TOKENS: LEXER NAME1 NAME2 ...          / list of tokens. If LEXER is present tokens from the lexer will be added + all string consts corresponding to lexer tokens will be assigned the token name ("if"->IF) - for ANTLR compatibility.
NAME name                              / optional name for the parser/lexer
PARSER rule                            / generate a parser, start with the rule
LEXER rule                             / generate a lexer
Q qexpr                                / optional q code for actions

/ comment
rulename: "term" nonterm `term ...     / direct rule
rulename: ... | .... | ...             / rule with options
rulename: (a|b) c                      / rule with a subexpression
rulename: aaaa
        | bbbb ;                       / rule can occupy several indented lines and end with an optional ;
rulename: {calc} a {calc} | c {calc}   / actions can appear anywhere within the rule, they will be executed exactly in this order after/before subparse calls.
rulename: {pred}? a | {pred}! b        / predicates must be the first expression

xxxx?                                  / repeat 1 or 0 times
xxxx*                                  / repeat 0 or more times
xxxx+                                  / repeat 1 or more times
xxxx^                                  / anything but xxxx where xxxx must be a term or a reference to a list of terms, EOF is not included in anything
"x"-"y"                                / only for char terms, range

{:v1+1}                                / action to be included into the rule parse function
123                                    / shorthand for {:(v1;v2;v3)} action
0i                                     / EOF term
{...}?                                 / weak predicate
{...}!                                 / strong predicate

Predicates

Predicates can be used to resolve ambiguities. They must accept 1 arg (x in actions) and return 1b or 0b. They must be the first expression of a subrule. They can be applied to simple rules too but they will never be called for them.

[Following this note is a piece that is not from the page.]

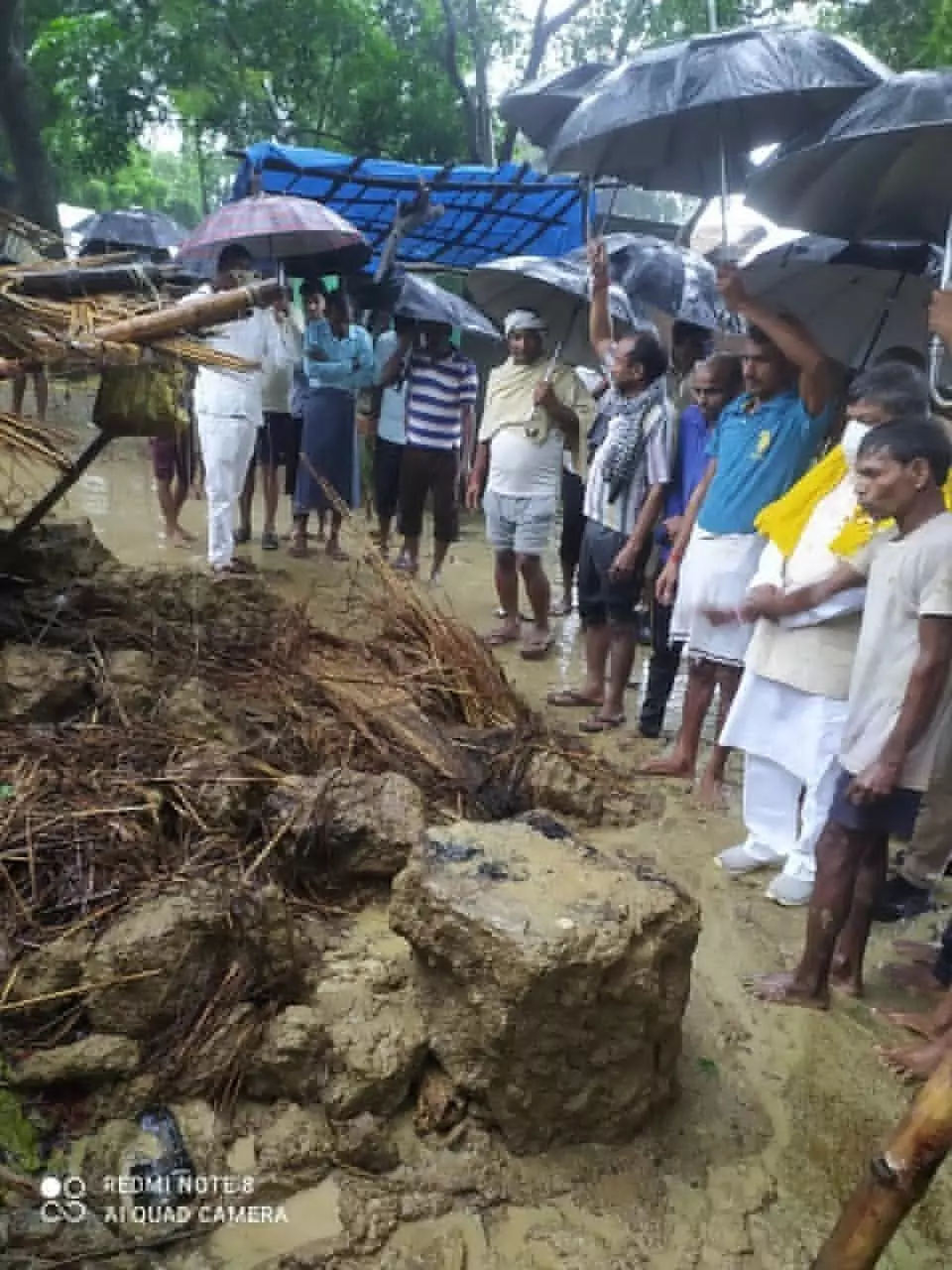 तेज़ हवा व मूसलाधार बारिश से मिट्टी की दीवार गिरी, पिता पुत्र की मलबे में दबकर हुई मौत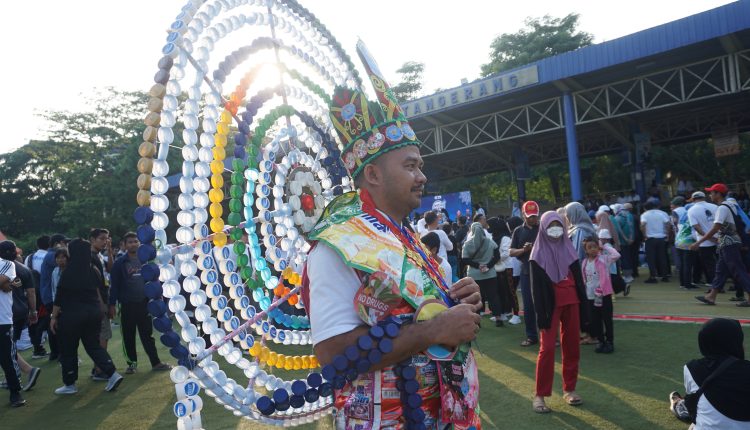 Festival HANI 2023 dengan kostum dari plastik bekas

Weak predicates (with ?) will be executed only if there is an ambiguity. Strong predicates (with !) will be executed on each prediction, if they return 0b the next strong predictate will be executed or the rule's DFA prediction fn will be called.

By default all weak predicated expressions like ({..}? xxxx)+ or ? or * will be modified to be non-ambiguious. If the predicate is true then the main rule will be invoked otherwise the empty alternative. To make them gready use this ({1b} ....)*

Actions

Actions can be used to modify parse trees. They can appear anywhere in a rule after predicates. They will be inserted as is into the rule's parse function. Example:

a: Func "(" args ")" {:(v1;v3)} / rule
{[x] v1:Func[predict alt][x]; v2:match "("; v3:args[predict][x]; v4:match ")"; :(v1;v3); :(v1;v2;v3;v4)} / rule parse fn

Actions can use variables like v1, v2 and etc with parsed subexpressions. Do not forget to add ":" (return) in the final actions. Also they can use or modify x - it is passed to all subexpressions. Also actions can use .ll.p_i (with .ll.getPos function) to find out the current position in the input. P variable (if .ll.savePos is 1b) contains the position just before the first or second token/subrule.

Action shortcut - a number - can be used to select some subexpressions:

a: Func "(" args ")" 13 / ~ {:(v1;v3)}

API

  • .ll.parse "string" - main parse function, it starts from the top rule and consumes all input including EOF.
  • .ll.getPF `rule - get the parse fn for a rule. If you want to parse only part of the input you may have to make this rule open (just add an alias for it that is not referenced in any other rule).
  • .ll.e - it is called for grammar errors, feel free to modify.
  • .ll.ferr - error fn for parse errors.
  • .ll.eval - define a rule/setting manually (Q .ll.eval "rule: ..." for example).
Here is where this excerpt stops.